Thursday, June 25, 2009

The Day the Music Died


Sometimes I think I'm pretty morbid. I tend to think about what will happen or how I'll feel when someone I love dies or some catastrophe happens. I don't know why I do it, but I've been doing it for a long time. I think in a way I believe it will help me cope whenever the inevitable happens: it's my strange way of trying to be prepared. But time and time again, no matter how I thought I'd deal with the death of someone I love, the pain and feeling of confusion I get never compares.

So I find myself here today. My favorite singer, my favorite celebrity, my favorite artist. Just my favorite. Michael Jackson is amazing.
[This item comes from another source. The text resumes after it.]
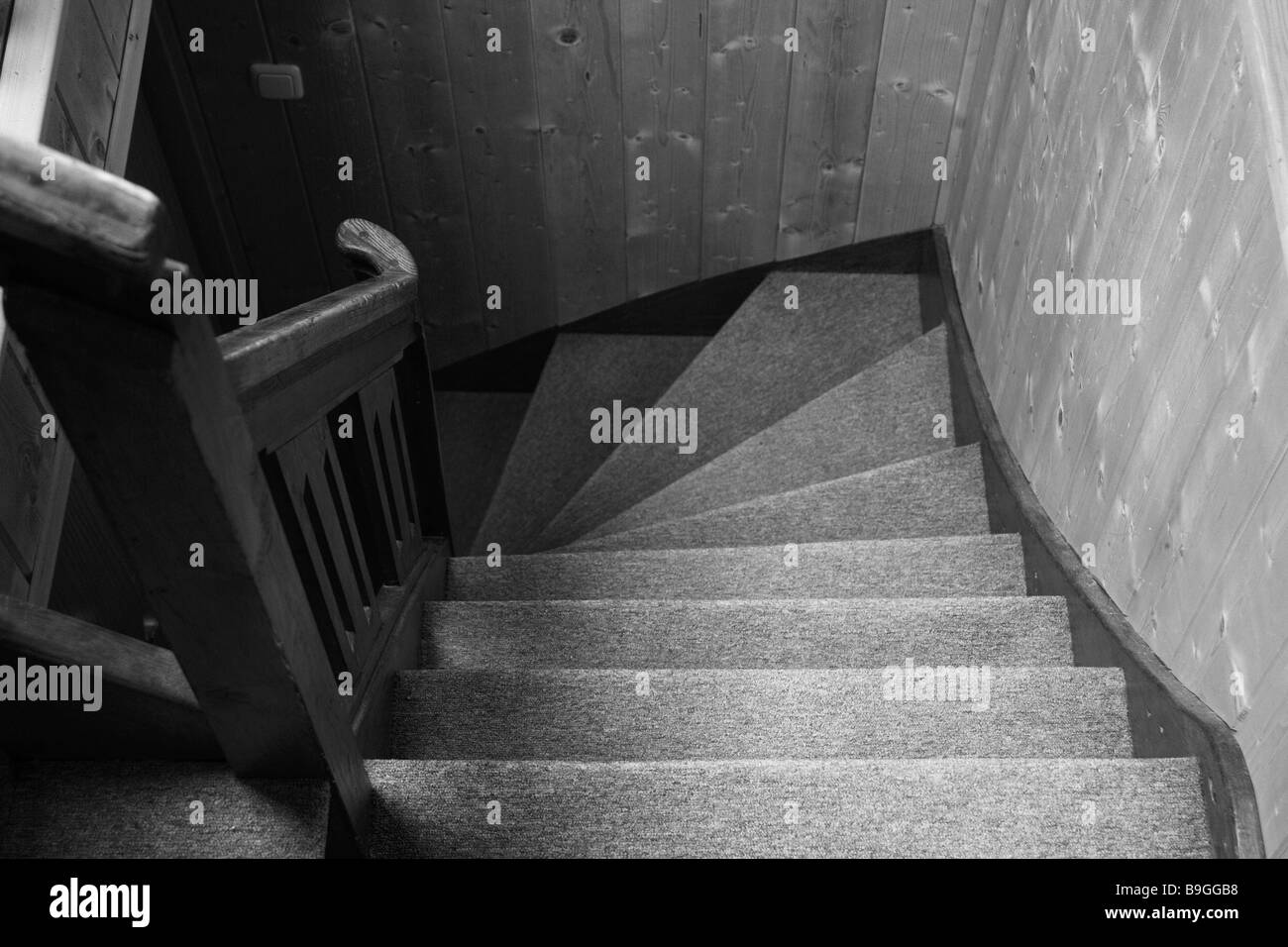 Apartment stairway s/w steps hand-rails wood-hand-rails banisters wood-wall wood-panelling indoors stairway-ascent ascent Stock Photo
He was a trailblazer and the truest epitome of an icon. A phenomenon that won't be topped.



Oddly, I have thought about this day. I guess because I knew it would happen. Someone cannot live in such extreme pain but for so long. I take heart, though, in knowing that the suffering--both physical and emotional--is over here on Earth.



There are few people who cause me to be star struck, and only a few are entertainers. But I'm star struck by Michael, always. I've never met him or even come close to him, but I didn't need to. His presence comes though the TV, the radio, the records, the cassettes, the CDs. My mother took me to see Michael perform at the BAD tour in October 1988. I was six years old in the first grade. I understood its magnitude then and I understand it now. It's still the most amazing concert I've ever attended, and I look forward to telling my children all about it.

Tonight I will cry for a man I never met, but for a man I feel I've always known.

Today the music died, but it will live on forever.